Professor David Larbalestier is Krafft Professor of Superconducting Materials at Florida State University and Chief Materials Scientist at the National High Magnetic Field Laboratory. He was for many years Director of the Applied Superconductivity Center, first at the University of Wisconsin in Madison (1991-2006) before moving the Center to the NHMFL at Florida State University, stepping down as Director in 2018. He has been deeply interested in understanding superconducting materials that are or potentially useful as conductors and made major contributions to the understanding and betterment of Nb-Ti alloys, Nb3Sn, YBa2Cu3O7-, Bi2Sr2Ca1Cu2Ox, (Bi,Pb)2Sr2Ca2Cu3Ox, MgB2 and the Fe-based compounds. Fabrication of high field test magnets has always been an interest, starting with the first high field filamentary Nb3Sn magnets while at Rutherford Laboratory and more recently the world’s highest field DC magnet (45.5 T using a 14.5 T REBCO insert inside a 31 T resistive magnet). These works are described in ~490 papers written in partnership with more than 70 PhD students and postdocs, as well as other collaborators. He was elected to the National Academy of Engineering in 2003 and is a Fellow of the APS, IOP, IEEE, MRS and AAAS. He received his B.Sc. (1965) and Ph.D. (1970) degrees from Imperial College at the University of London and taught at the University of Wisconsin in Madison from 1976-2006.

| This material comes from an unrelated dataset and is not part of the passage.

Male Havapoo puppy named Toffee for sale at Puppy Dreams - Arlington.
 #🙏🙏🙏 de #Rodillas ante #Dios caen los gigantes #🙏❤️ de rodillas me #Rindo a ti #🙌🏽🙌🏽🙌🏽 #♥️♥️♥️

Professor Alex Braginski is retired Director of a former Superconducting Electronics Institute at the Research Center Jülich (FZJ), retired Professor of Physics at the University of Wuppertal, both in Germany, and currently a guest researcher at FZJ. He received his doctoral and D.Sc. degrees in Poland, where in early 1950s he pioneered the development of ferrite technology and subsequently their industrial manufacturing, for which he received a Polish National Prize. He headed the Polfer Research Laboratory there until leaving Poland in 1966. At the Westinghouse R&D Center in Pittsburgh, PA, USA, he then in turn managed magnetics, superconducting materials and superconducting electronics groups until retiring in 1989. Personally contributed there to technology of thin-film Nb3Ge conductors and Josephson junctions (JJs), both A15 and high-Tc, also epitaxial. Invited by FZJ, he joined it and contributed to development of high-Tc JJs and RF SQUIDs. After retiring in 1989, was Vice President R&D at Cardiomag Imaging, Inc. in Schenectady, NY, USA, 2000-2002. Co-edited and co-authored The SQUID Handbook, 2004-2006, several book chapters, and authored or co-authored well over 200 journal publications and 17 patents. He founded and served as Editor of the IEEE CSC Superconductivity News Forum (SNF), 2007-2017. Is Fellow of IEEE and APS, and recipient of the IEEE CSC Award for Continuing and Significant Contributions in the Field of Applied Superconductivity, 2006.